+++ Record excerpts +++
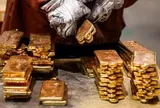 Loạt thông tin quan trọng sắp công bố, chuyên gia dự báo thế nào về giá vàng tuần tới?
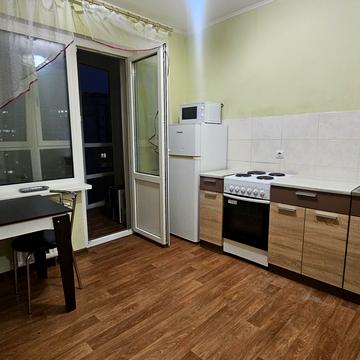 Бориса Гмирі вул., 12-Б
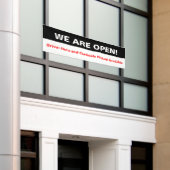 カーバはっきりしたサイドのピックアップでドライブを開いている 横断幕 (ビルの外側)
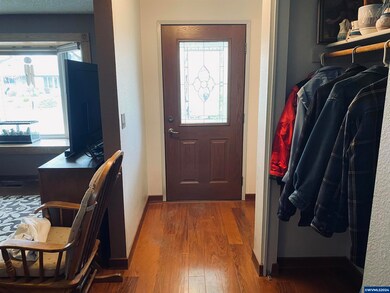 5890 14th Ave NE, Keizer, OR 97303 - photo 3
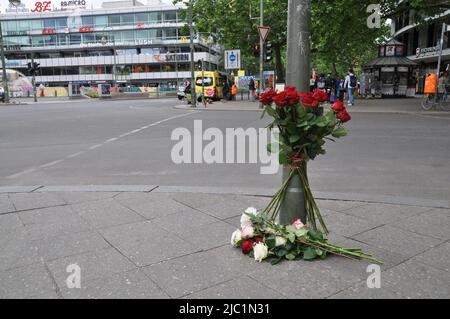 Berlino, Germania. 09th giugno 2022. I fiori si trovano nel centro di Berlino, in Germania, il 9 giugno 2022. Mercoledì 8 giugno, un uomo di 29 anni ha guidato la sua auto in un gruppo di studenti uccidendo il loro insegnante e crash in un negozio. Credit: Ales Zapotocky/CTK Photo/Alamy Live News Foto Stock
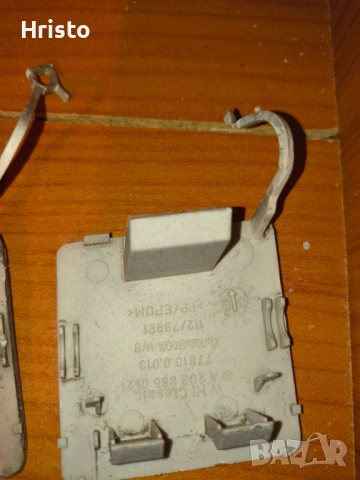 Капачки задна броня Мерцедес Ц клас W203 , CLK W209, снимка 3 - Части - 53540816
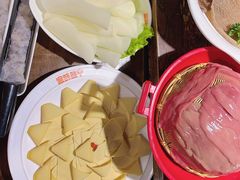 -晓宇重庆火锅(大唐不夜城店)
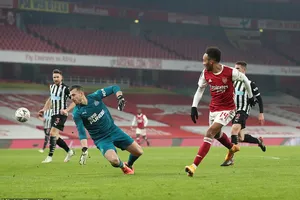MU thắng nhọc trên sân nhà, Arsenal ‘bùng nổ’ trong hiệp phụ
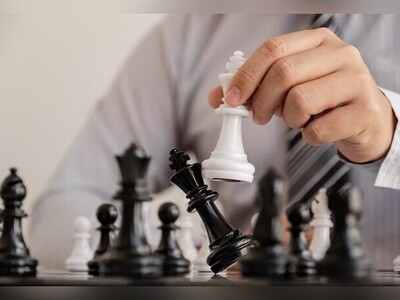 نبوغ حیرت‌انگیز کودک نابغه‌ای را ببینید که چشم بسته شطرنج بازی می‌کند+ ویدیو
+++
Copy nothing but the lines from the start of the entries through the line with "5890 14th Ave NE, Keizer, OR 97303 - photo 3". Write them out exactly, without pictures.

**Result of this exercise:**
 Loạt thông tin quan trọng sắp công bố, chuyên gia dự báo thế nào về giá vàng tuần tới?
 Бориса Гмирі вул., 12-Б
 カーバはっきりしたサイドのピックアップでドライブを開いている 横断幕 (ビルの外側)
 5890 14th Ave NE, Keizer, OR 97303 - photo 3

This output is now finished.